From the outset, unlike the expansion in education in the 1960s which came on the back of the post-war economic boom, the growth in student numbers in the early 1990s emerged at a time of relative economic stagnation. Following the Robbins report in 1963, the number of 18 to 19-year-olds attending university increased from 6 per cent to 14 per cent. In comparison, between 1987 and 1997 there was an increase from 14.5 per cent to 33.4 per cent - a third of the age group.
From being a provision for the educational elite, higher education under the Conservatives became a mass activity. This raised concerns about declining standards and "bums on seats", where universities were seen by some as holding bays for young people at a time when youth employment was declining.
However, there has remained a positive sense about the expansion of higher education, especially by "progressives" who maintain that, despite the difficulties with new universities, growing numbers and tight resources, there is an egalitarian argument for the expansion of higher education.
It is certainly true that the expansion of university places has resulted in greater "equality" between the sexes and more access for groups such as the disabled and some ethnic minorities. However, arguably the greatest inequality in society - class - has been relatively unaffected by the changes. While more working-class people go to university today, the massive increase in middle and upper-middle class people also going to university now means that the relative proportion of young working-class people going to university has not changed.
Indeed, the proportion of working-class students in 1900 is the same today.
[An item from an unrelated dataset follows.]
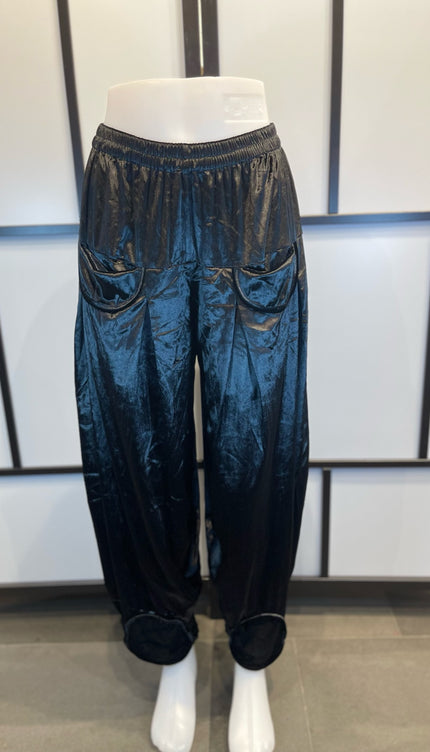 Normal Crazy Pants Sindy Extra Lang Satijn Zwart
Also, students from poorer backgrounds are predominantly in less prestigious universities, arguably getting less prestigious (and useful) degrees.
Perhaps a final irony of the expansion in education is that, at a time when certificates are needed to do an ever-increasing array of jobs, "egalitarian expansion" has benefited more middle-class young people than their working-class counterparts. Whether you are attempting to start a professional career or are looking for promotion in the area of work you are in, there is an increasing expectation that you must have a degree.
This hoop-jumping is something middle-class students are often prepared to endure. But equally intelligent, and perhaps more dynamic, working-class young people appear less inclined to follow this "educational" (or should that be "certificational") route. Consequently, one of the unintended outcomes of the expansion in higher education could be that "access for all" and the "degree paper chase" have actually reduced social mobility in society.
Stuart Waiton is director of GenerationYouthIssues.org.